Asked afterward if he was leveling those critiques at Trump and Moreno, Dolan asserted that he was making a “critique of Washington.”
Moreno and his allies have been much more direct in their attacks on Dolan. Following Trump’s combative cues Saturday, Moreno closed with a message of sharp insults and imagery.
“Mitt Dolan,” Moreno and Arizona Senate candidate Kari Lake, a prominent MAGA figure, emphasized at campaign stops. The jab was meant to evoke Mitt Romney, R-Utah, the GOP’s nominee for president in 2012 and now a prominent Trump critic loathed on the right.
Moreno also has branded Dolan as a “swamp RINO,” or Republican in name only. He has complained that old-guard GOP leaders “stab us in the back.” At one event, Moreno called on voters to “stab it right in the heart and make it clear that in Ohio, we put America first.” At another, he encouraged them to make old-guard establishment Republicans “finally extinct here in Ohio.”
At a tiny coffee house Monday morning in Ottawa, in western Ohio, dozens of voters crammed inside for a glimpse of Lake and Sen. JD Vance, R-Ohio, both of whom have built national followings, with Moreno essentially serving as their warm-up act. Lake and Vance continued the assault on Dolan and the establishment.
“I call him ‘door Matt,’ because I found out he is a doormat to the woke mob,” Lake said, picking up a Trump line of attack over how the Major League Baseball franchise owned by Dolan’s family changed the team’s name from the Cleveland Indians to the Guardians.
Dolan has said he was not involved with the rebranding, which came amid concerns that the previous name was offensive to Native Americans.
After the event, Moreno, a wealthy businessman who has loaned his campaign more than $4 million, brushed aside questions about the threat presented by Dolan, who has loaned himself $10 million.
“It’s not that he has appeal,” Moreno said. “It’s that he’s got an infinite amount of resources. When Kari and I have to raise money, we have to pick up the phone and start calling friends. He picks up the phone and calls mom. And then picks up the phone and calls dad.”

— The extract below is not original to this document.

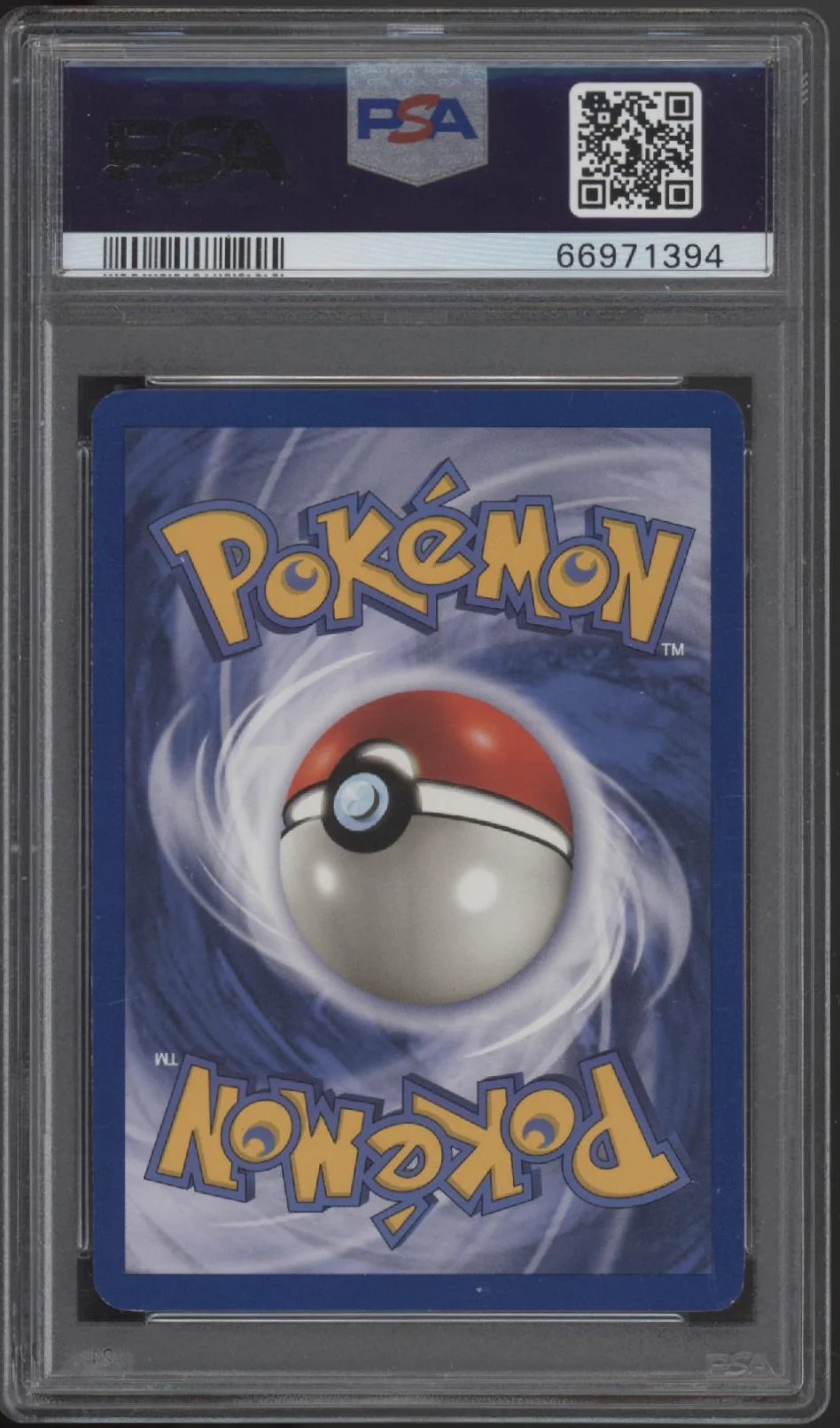 Dragonite Pokemon Fossil Holo #4 PSA 8 - Image 2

“When you have the sitting governor and a prior senator that are weighing in on a race because they want to protect the old establishment, it’s hard to overcome that,” added Moreno, referring to DeWine and former Ohio Sen. Rob Portman, another Dolan backer. “Especially when you’re somebody who’s never been in public office, never been on a ballot.”

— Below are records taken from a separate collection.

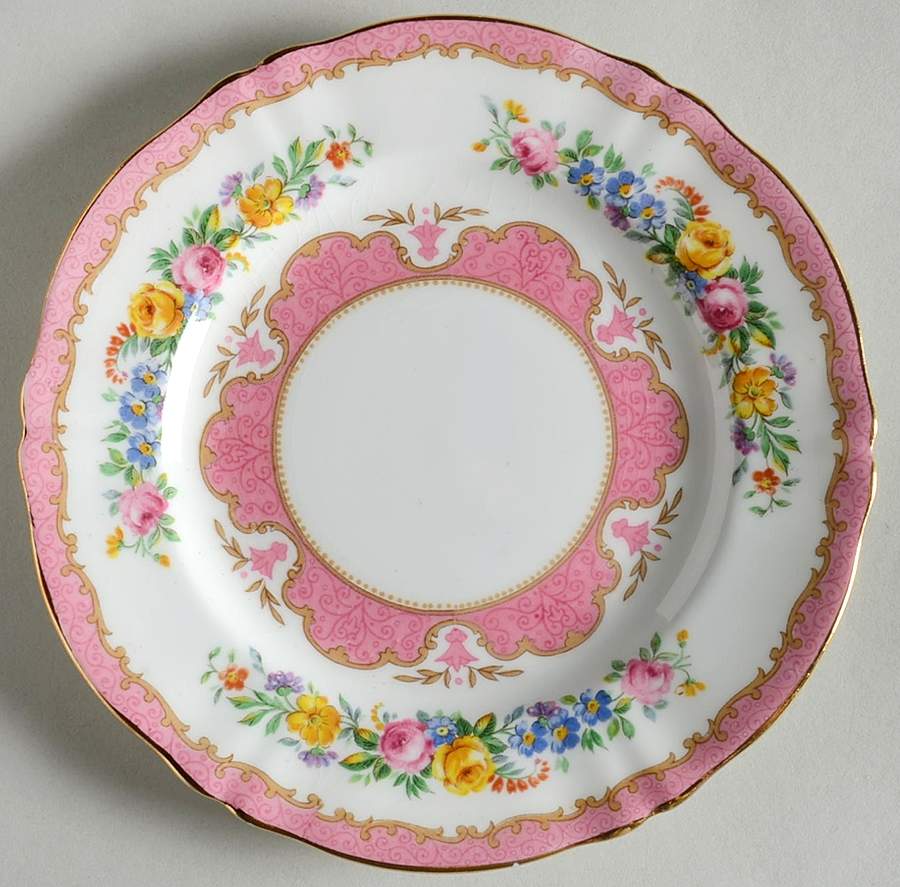 Lyric Tunis (Scalloped) Bread & Butter Plate by Crown Staffordshire-1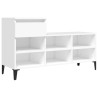 Mueble zapatero madera contrachapada blanco 102x36x60 cm 2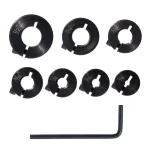 POWERTEC 7-Piece Steel Drill Bit Stop Collar Set with Split Ring Design and Size Markings thumbnail 2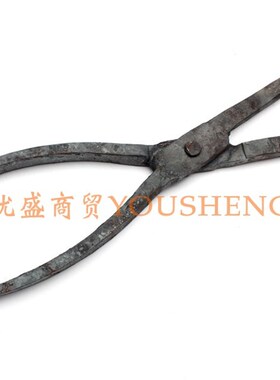打铁钳子手工圆嘴钳铁钳加长火钳石墨钳炉工钳工业钳夹持类工具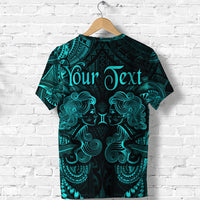 Custom Gemini Zodiac Polynesian T Shirt Unique Style Turquoise LT8 - Polynesian Pride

Neither Moreno nor Dolan has seemed concerned about unifying the party after a divisive primary.
“The more important question is the reverse, because the reality is Matt Dolan has called the base election deniers and conspiracy theorists,” Moreno said Sunday when asked how he would keep Dolan supporters in the fold if he wins the nomination. “It’s my opponent that has spent unlimited resources bashing me. … And the reality is on March 20, we’re going to be one fully united — although maybe a slightly dysfunctional — Republican family.”
Dolan also used a family analogy.
“Actually, I think the media makes more out of that than I do,” he told NBC News on Sunday after guest bartending at a St. Patrick’s Day celebration in the Cleveland suburb of Willoughby. “We’re asking them to pick among family. I get that this is tough. But when they make their choice, and I win, they’ll rally.”

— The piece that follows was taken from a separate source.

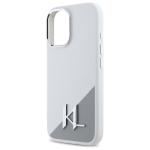 Carcasa Karl Lagerfeld Silicone Initial Metal Log cu MagSafe compatibila cu iPhone 16, Alb 7 - lerato.ro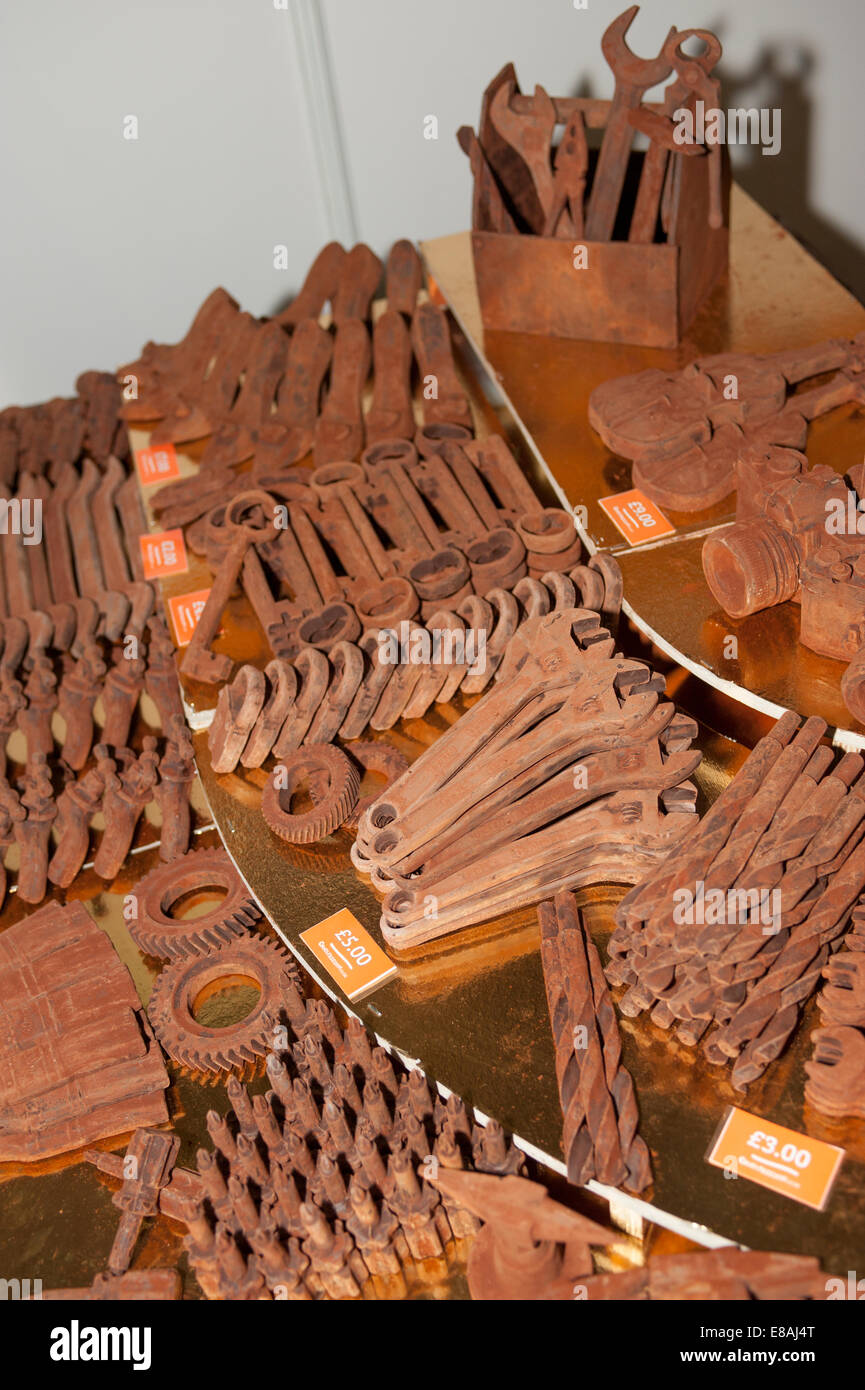 Earls Court, London UK. 3. Oktober 2014. Schokolade-Tools und Toolkits auf dem Display auf die dritte & backen Kuchen-Ausstellung in London Credit: Malcolm Park Leitartikel/Alamy Live-Nachrichten. Stockfoto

But at Moreno’s Sunday rally near Cincinnati, several voters vowed to not support Dolan in the general election if he wins the nomination
“I won’t vote in that race,” Claudia Harrod said. “I can’t vote for Sherrod Brown, but I don’t think I could vote for either LaRose or Dolan. … They talk out both sides of their mouth. And they’re RINOs.”
Added Nancy Sparks: “I would sit the Senate race out.”